Father Ferrari, who came from Perugia, belonged to the Capuchin order, a strict branch of the Franciscans. Sixty years old, he had been in Turkey since 1955, serving first at Trabzon on the Black Sea, and in 1973 came to Antioch. His whole body and face were thin, no spare flesh anywhere, a man whose life of denial had left a good nature and a sense of humour as its only extravagances. His thick white hair stuck straight up out of his head. He worea V-neck jersey over a plaid wool shirt, old trousers, St Francis’s sandals and thick spectacles. “There are one hundred Catholics here,” he said. “No. I just baptised three babies, so there are 103.” He laughed and invited me to have a cup of tea. He went to the kitchen to make the tea himself. I could see why.

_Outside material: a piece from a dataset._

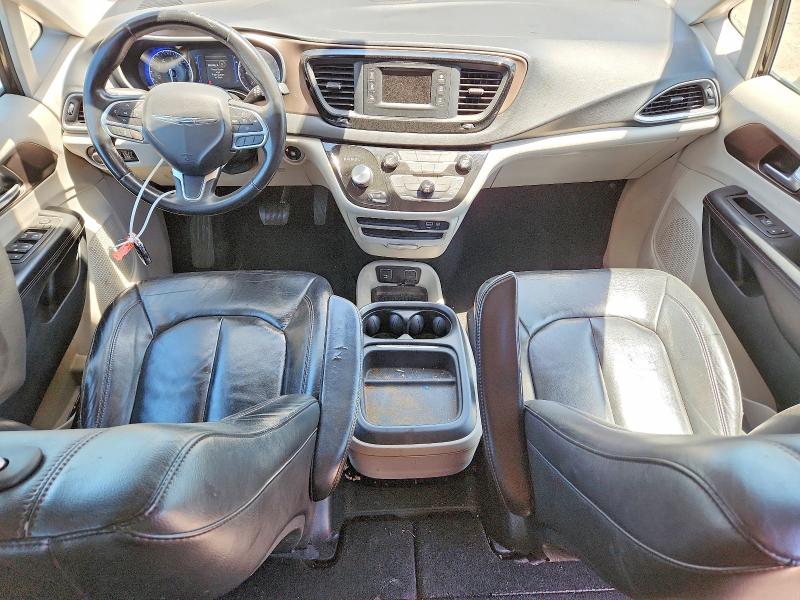 2017 Chrysler Pacifica მანქანა იყიდება აუქციონზე, vin: 2C4RC1BG6HR733850, აუქციონის ნომერი: 55983596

While we were talking, I had noticed that a white-haired old woman in a black widow’s dress with a brown cardigan was walking in and out of the various rooms, cleaning and carrying laundry. This was Nasra, whose name in Arabic meant “Nazarene.” She looked disapprovingly at everything and everyone. For a few minutes, she fiddled with the curtains in one of the bedrooms, opening and closing them several times, looking unhappy whether they were drawn or not. She finally left them half-open and walked back into the courtyard. She swept insouciantly, casting occasional glances in our direction as if to say, why are those two sitting there? I would not have dared to ask her to make tea either.
When he sat down and poured me a glass of tea, I asked him, “Do you have many problems with the governor?”
“Sometimes,” he said, smiling as though at a private joke. “Every time, questions, questions. One month ago, though, he gave us permission to say Mass at St Peter’s on Christmas Day.”
“The governor told me St Peter’s was a museum.”
“For almost two thousand years, it has been a church,” he said. “It was a church until twenty-five years ago when the Turkish police took it.” He sipped his tea and said, “Museum,” shaking his head at the thought.
He told me Antioch had no Catholic school, so he taught catechism on Saturdays. Remembering Yalgin Kavak and the young man in the photocopy shop in Alexandretta, I asked him, “Do you have any converts?”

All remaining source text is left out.